Through the power of relativity, a million-year picnic may pass in an hour.

Tuesday, January 22, 2008

Societal Evolution in The Time Machine

H.G. Wells’s The Time Machine seems to fall more into the category of a study in social science than in science fiction, the more I think about the book. Instead of examining the effects of a new technology or alien lifeforms on humanity, Wells examines the eventual evolution of societies taken to the extreme. As Chris pointed out, the Time Traveller presents two opposing theories as to how humankind managed to evolve into the creatures he observes in the future, one a communist view that the loss of conflict and violence allowed people to become harmonious, weak and simple-minded, and the other a capitalist view that the separation between the privileged class and the working class had become so great as to split species, turning one set of people into the feeble-minded Eloi who play all day, and the other set into the Morlocks, who provide for the Eloi out of a single-minded need to protect their food source.

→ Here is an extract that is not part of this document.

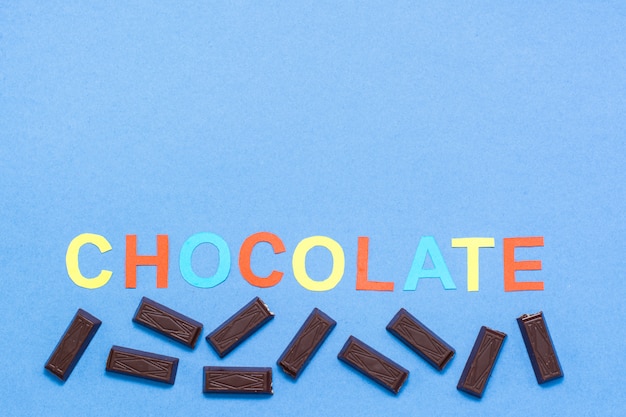 Stukken van chocolade en de inscriptie chocolade op een blauwe achtergrond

What I found most interesting about these theories is the change in the power dynamics in the second theory. Both the Eloi and Morlocks have become simple creatures that live only to serve their own needs and desires, but they have evolved to do so in different ways. The Eloi’s needs are provided for by the Morlocks, and thus they are free all day to weave flower garlands and try to swim. The Morlocks seem to have an ingrained need to provide for the needs of the Eloi, but this need is no longer the working-class job it evolved from. Instead it is the protection of a food source. Instead of growing and caring for crops, the Morlocks are breeding Eloi. Thus with the degradation of the human mind in both forms of being, the Morlocks, who still know enough, or at least have an ingrained behavior pattern, to be able to care for the Eloi, have an edge over the Eloi, who have no need for knowledge about anything. The Morlocks have overcome the Eloi through evolution instead of revolution.

2 comments:

Chris said...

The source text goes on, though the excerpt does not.